Problem to work on: Please repeat the data below exactly, with the pictures removed.

--- Source data Enclosed Below ---

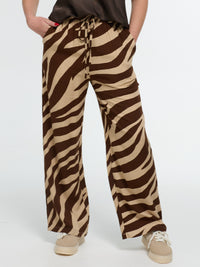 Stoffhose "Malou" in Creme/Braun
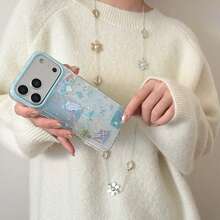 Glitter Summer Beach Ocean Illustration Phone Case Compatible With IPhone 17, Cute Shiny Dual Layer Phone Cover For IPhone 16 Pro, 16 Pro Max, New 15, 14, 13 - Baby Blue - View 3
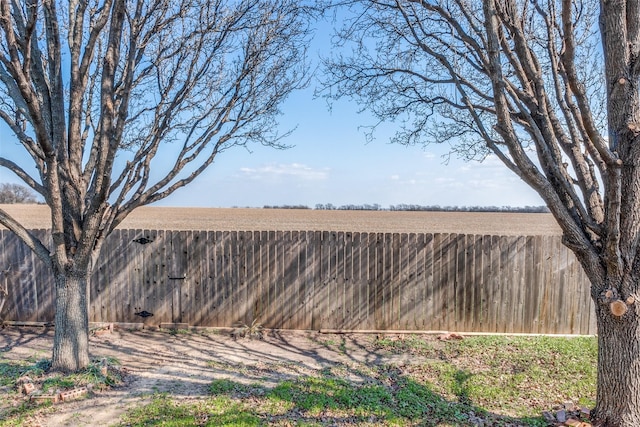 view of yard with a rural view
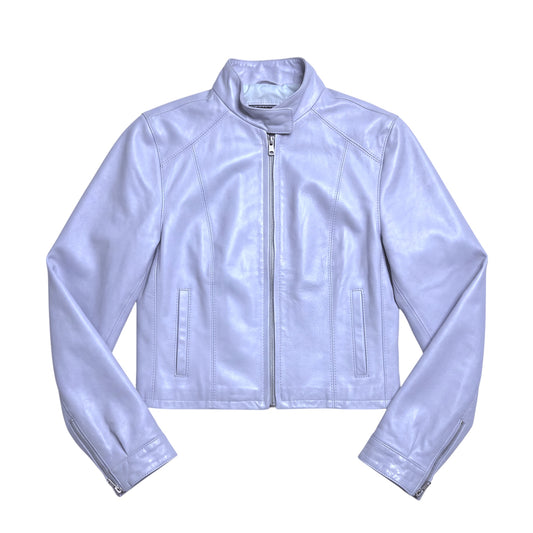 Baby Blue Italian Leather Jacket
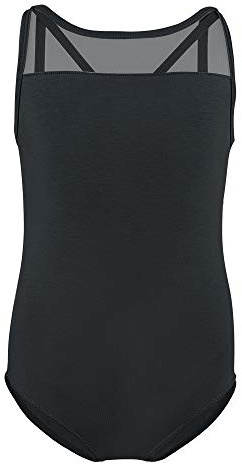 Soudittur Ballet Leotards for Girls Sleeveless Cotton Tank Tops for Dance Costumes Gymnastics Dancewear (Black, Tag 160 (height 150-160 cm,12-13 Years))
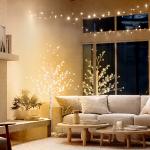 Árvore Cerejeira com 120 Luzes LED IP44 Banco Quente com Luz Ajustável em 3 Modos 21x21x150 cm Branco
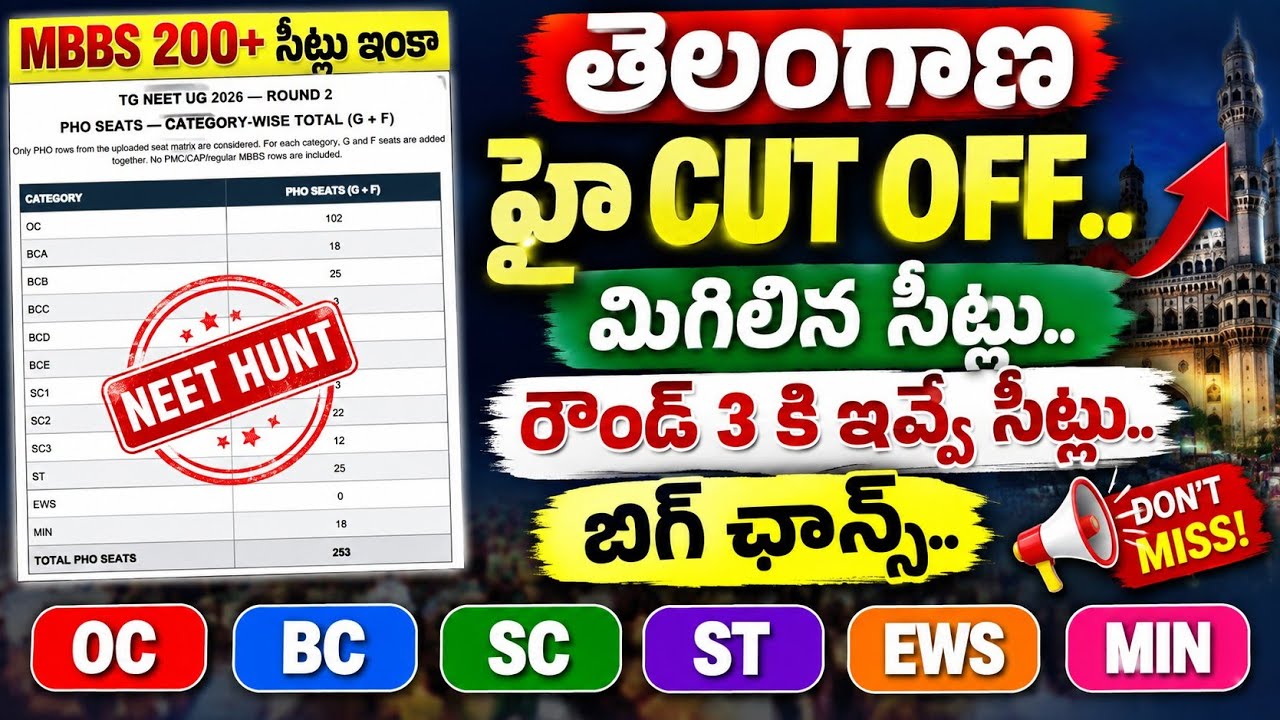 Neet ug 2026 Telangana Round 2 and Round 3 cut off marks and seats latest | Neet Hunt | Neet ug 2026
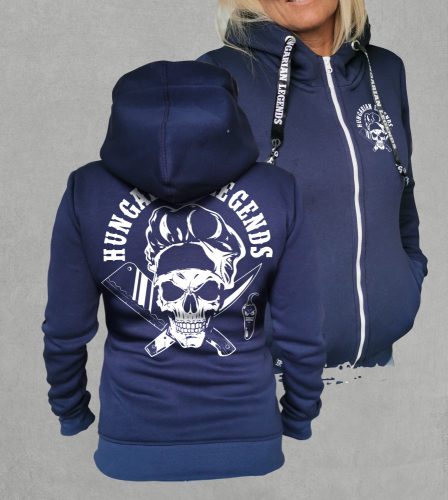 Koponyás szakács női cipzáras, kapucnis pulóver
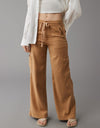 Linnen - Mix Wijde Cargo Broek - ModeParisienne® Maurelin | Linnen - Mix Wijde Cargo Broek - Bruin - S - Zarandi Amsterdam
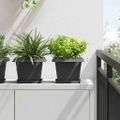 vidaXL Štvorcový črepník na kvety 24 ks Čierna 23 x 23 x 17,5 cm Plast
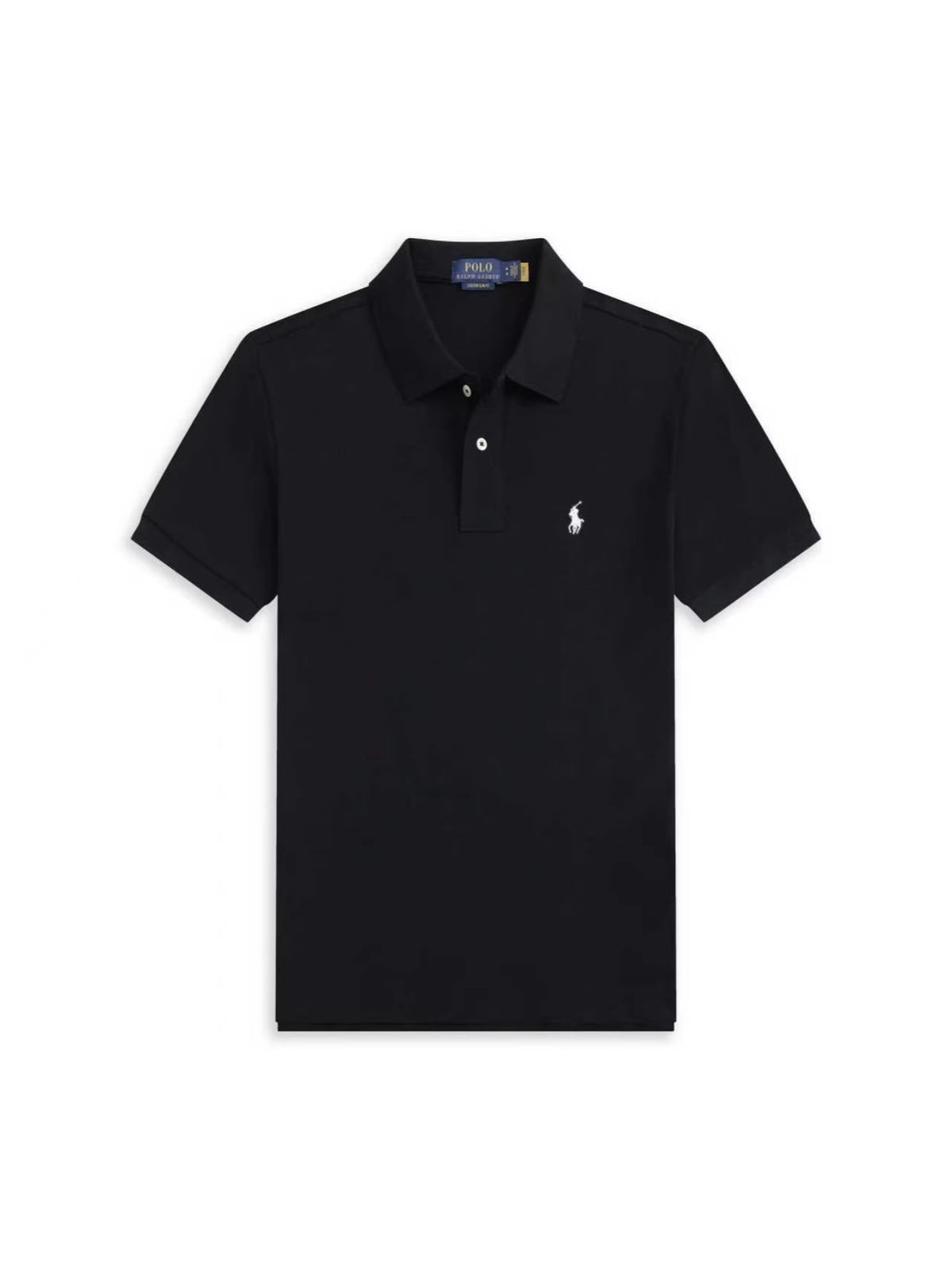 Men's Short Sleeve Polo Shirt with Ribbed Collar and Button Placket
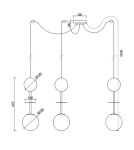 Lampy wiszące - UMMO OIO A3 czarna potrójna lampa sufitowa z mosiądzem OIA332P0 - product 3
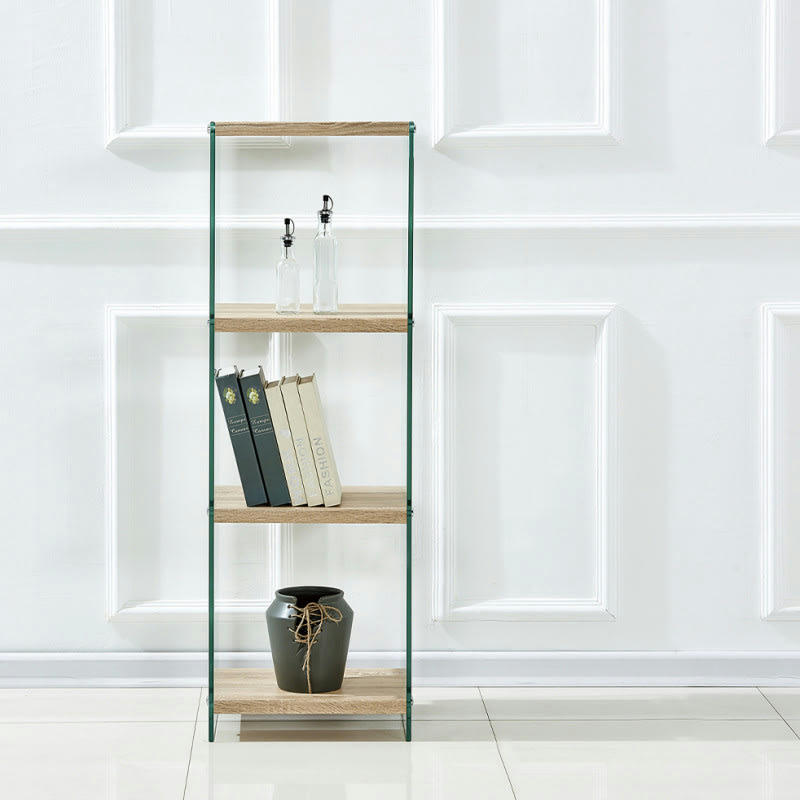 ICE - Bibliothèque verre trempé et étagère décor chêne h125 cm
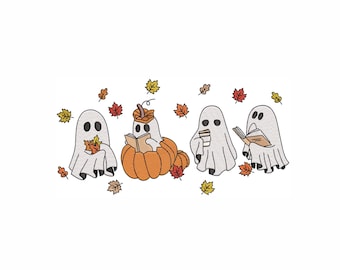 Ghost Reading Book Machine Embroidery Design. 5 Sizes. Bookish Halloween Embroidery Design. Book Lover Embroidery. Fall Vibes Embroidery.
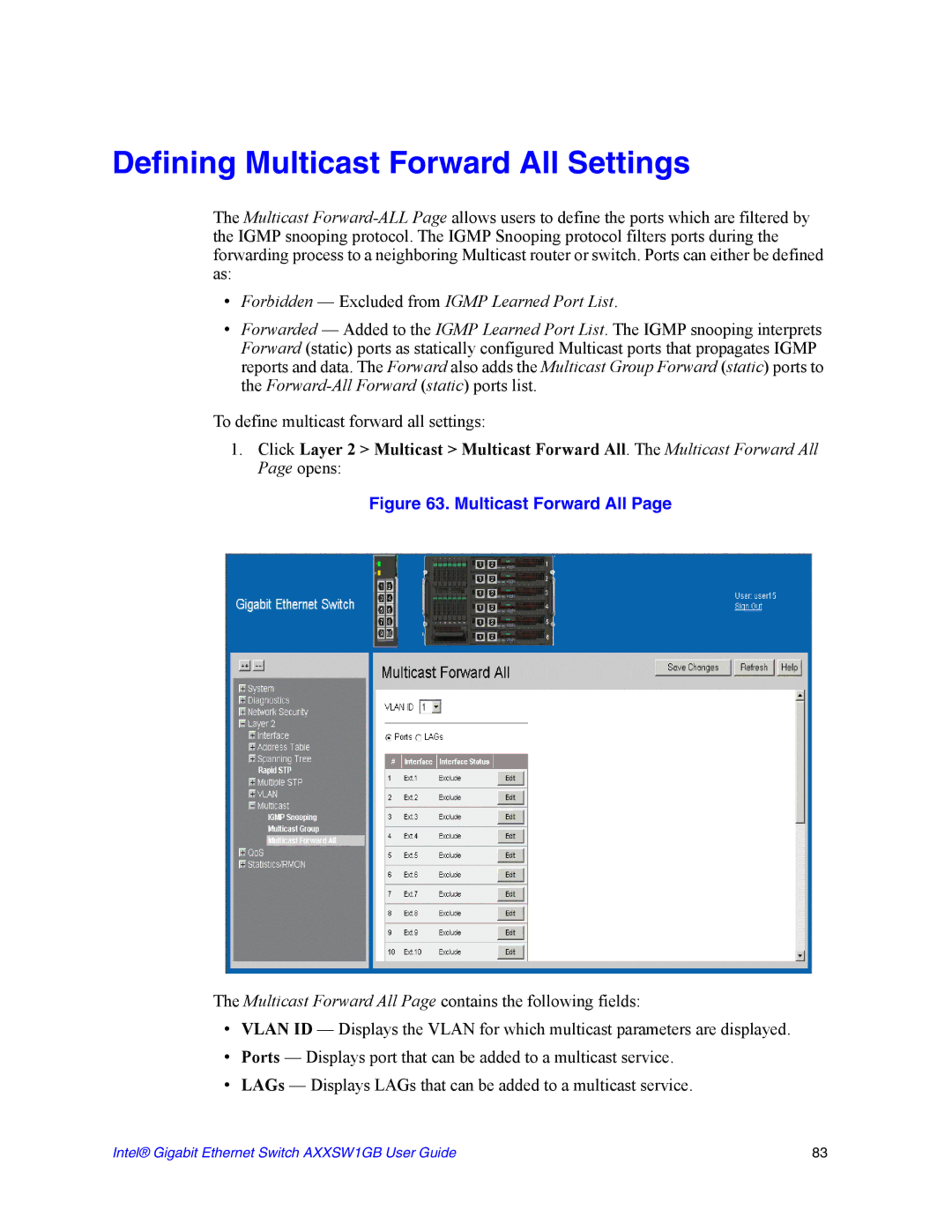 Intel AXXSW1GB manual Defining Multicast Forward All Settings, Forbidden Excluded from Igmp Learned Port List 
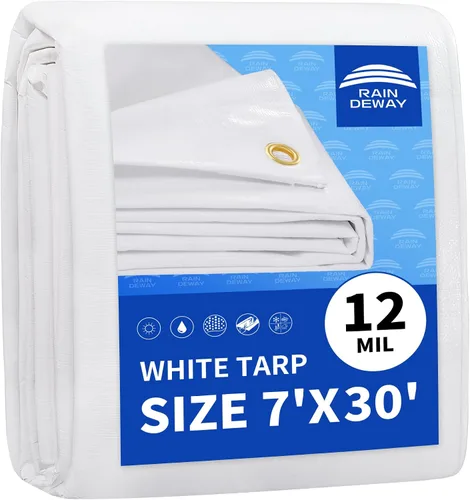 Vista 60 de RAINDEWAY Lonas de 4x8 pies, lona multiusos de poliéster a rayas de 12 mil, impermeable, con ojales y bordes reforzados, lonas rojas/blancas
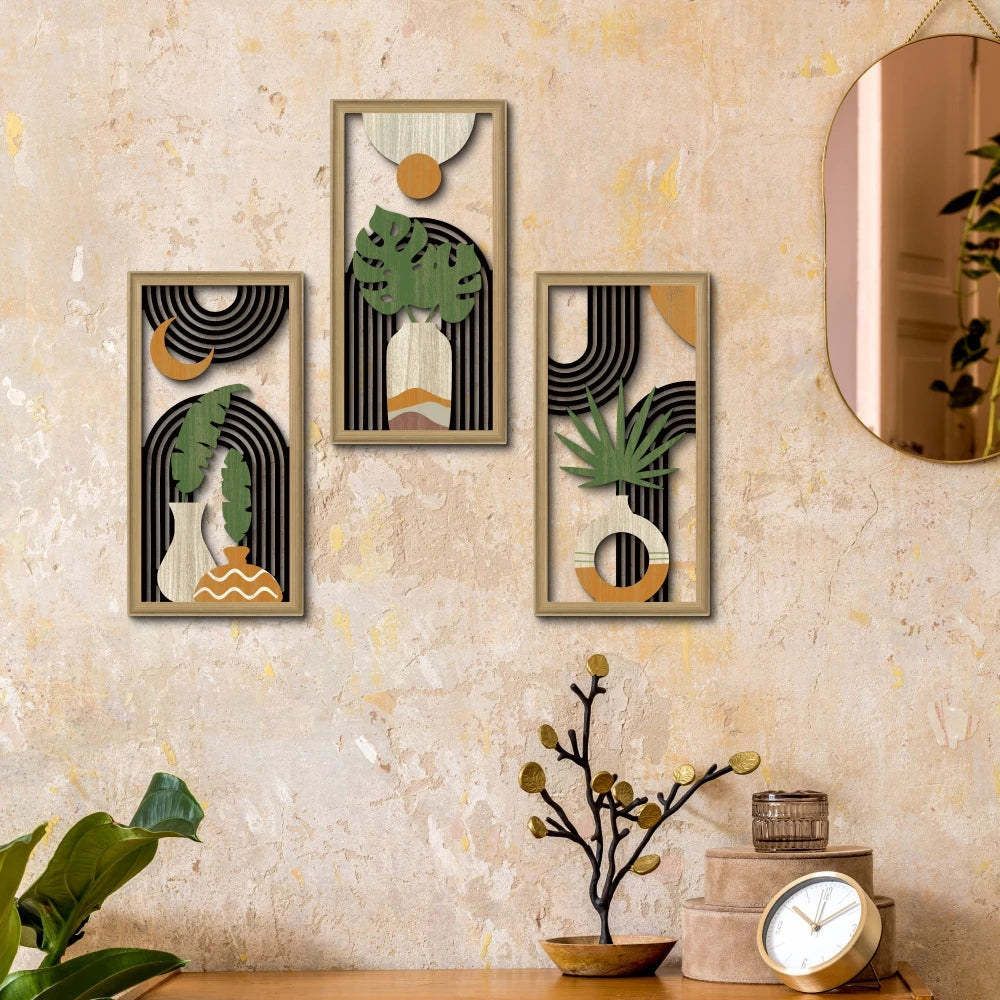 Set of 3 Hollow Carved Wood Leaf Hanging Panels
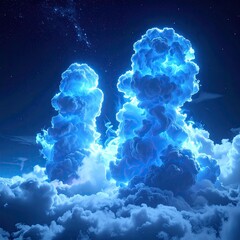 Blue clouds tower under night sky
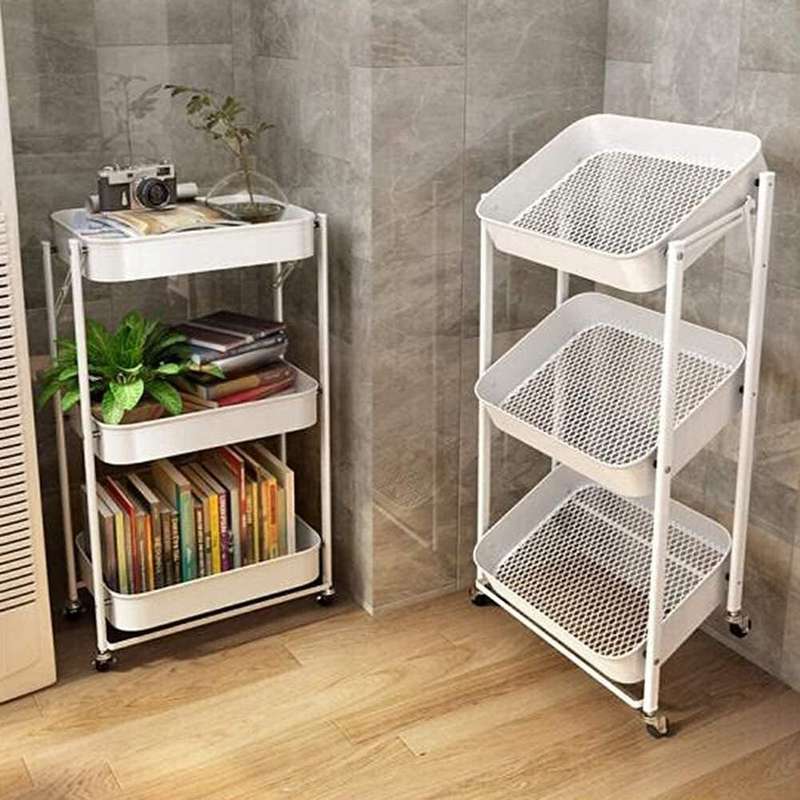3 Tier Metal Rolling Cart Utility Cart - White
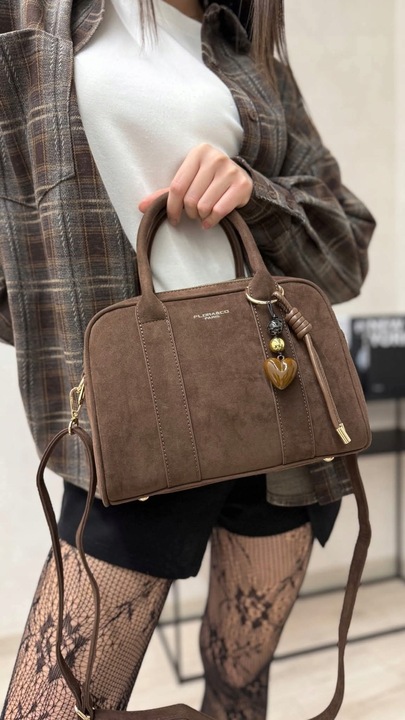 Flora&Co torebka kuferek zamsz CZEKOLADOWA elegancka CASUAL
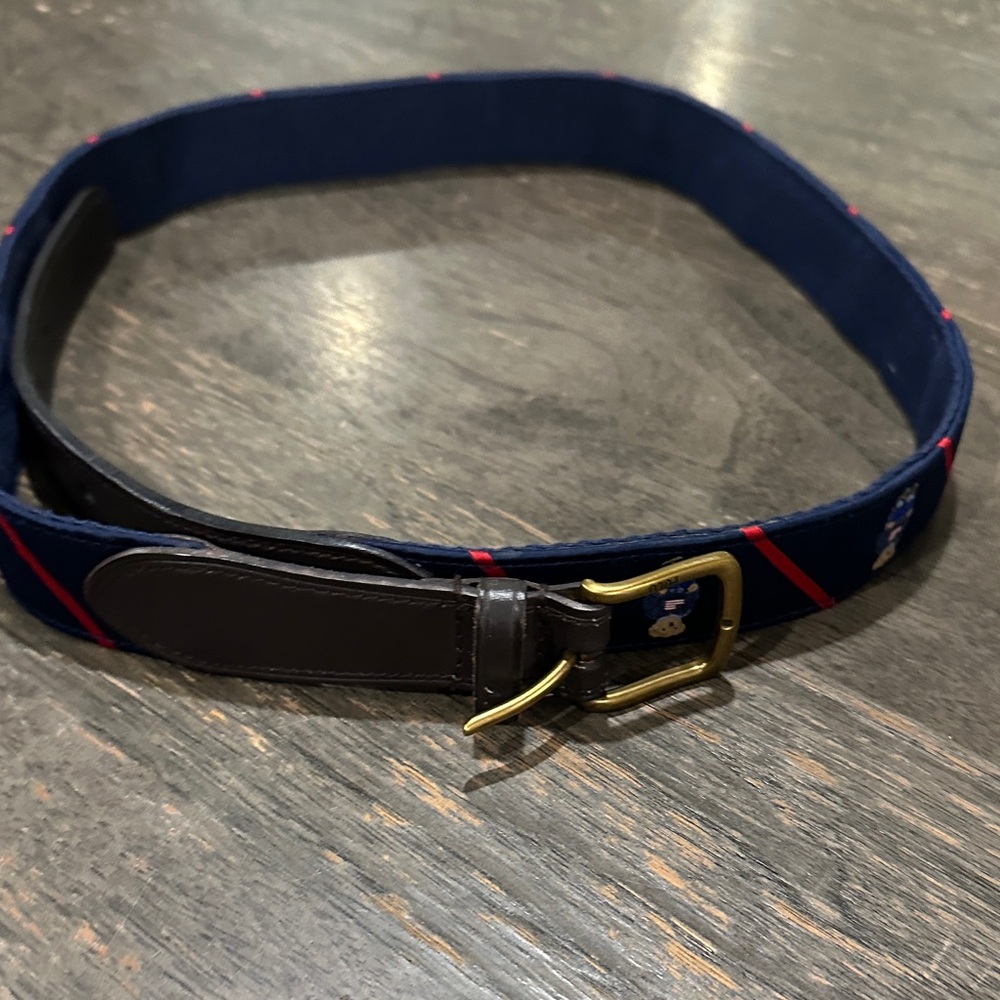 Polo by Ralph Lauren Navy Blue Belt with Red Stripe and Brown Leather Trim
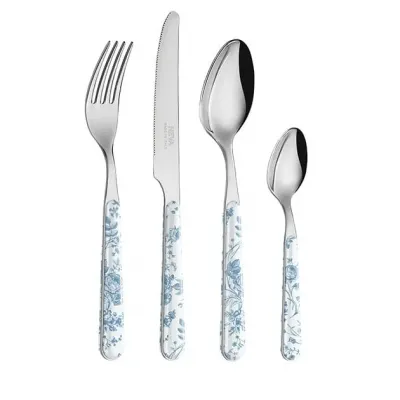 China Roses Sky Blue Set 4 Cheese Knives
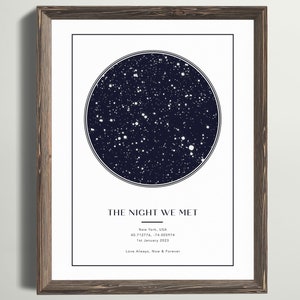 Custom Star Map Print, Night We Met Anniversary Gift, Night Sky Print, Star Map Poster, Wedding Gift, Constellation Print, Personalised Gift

--- End of Enclosed Source data ---

Task result:
 Stoffhose "Malou" in Creme/Braun
 Glitter Summer Beach Ocean Illustration Phone Case Compatible With IPhone 17, Cute Shiny Dual Layer Phone Cover For IPhone 16 Pro, 16 Pro Max, New 15, 14, 13 - Baby Blue - View 3
 view of yard with a rural view
 Baby Blue Italian Leather Jacket
 Soudittur Ballet Leotards for Girls Sleeveless Cotton Tank Tops for Dance Costumes Gymnastics Dancewear (Black, Tag 160 (height 150-160 cm,12-13 Years))
 Árvore Cerejeira com 120 Luzes LED IP44 Banco Quente com Luz Ajustável em 3 Modos 21x21x150 cm Branco
 Neet ug 2026 Telangana Round 2 and Round 3 cut off marks and seats latest | Neet Hunt | Neet ug 2026
 Koponyás szakács női cipzáras, kapucnis pulóver
 Linnen - Mix Wijde Cargo Broek - ModeParisienne® Maurelin | Linnen - Mix Wijde Cargo Broek - Bruin - S - Zarandi Amsterdam
 vidaXL Štvorcový črepník na kvety 24 ks Čierna 23 x 23 x 17,5 cm Plast
 Men's Short Sleeve Polo Shirt with Ribbed Collar and Button Placket
 Lampy wiszące - UMMO OIO A3 czarna potrójna lampa sufitowa z mosiądzem OIA332P0 - product 3
 ICE - Bibliothèque verre trempé et étagère décor chêne h125 cm
 Ghost Reading Book Machine Embroidery Design. 5 Sizes. Bookish Halloween Embroidery Design. Book Lover Embroidery. Fall Vibes Embroidery.
 Intel AXXSW1GB manual Defining Multicast Forward All Settings, Forbidden Excluded from Igmp Learned Port List 
 Vista 60 de RAINDEWAY Lonas de 4x8 pies, lona multiusos de poliéster a rayas de 12 mil, impermeable, con ojales y bordes reforzados, lonas rojas/blancas
 Set of 3 Hollow Carved Wood Leaf Hanging Panels
 Blue clouds tower under night sky
3 Tier Metal Rolling Cart Utility Cart - White
 Flora&Co torebka kuferek zamsz CZEKOLADOWA elegancka CASUAL
 Polo by Ralph Lauren Navy Blue Belt with Red Stripe and Brown Leather Trim
 China Roses Sky Blue Set 4 Cheese Knives
 Custom Star Map Print, Night We Met Anniversary Gift, Night Sky Print, Star Map Poster, Wedding Gift, Constellation Print, Personalised Gift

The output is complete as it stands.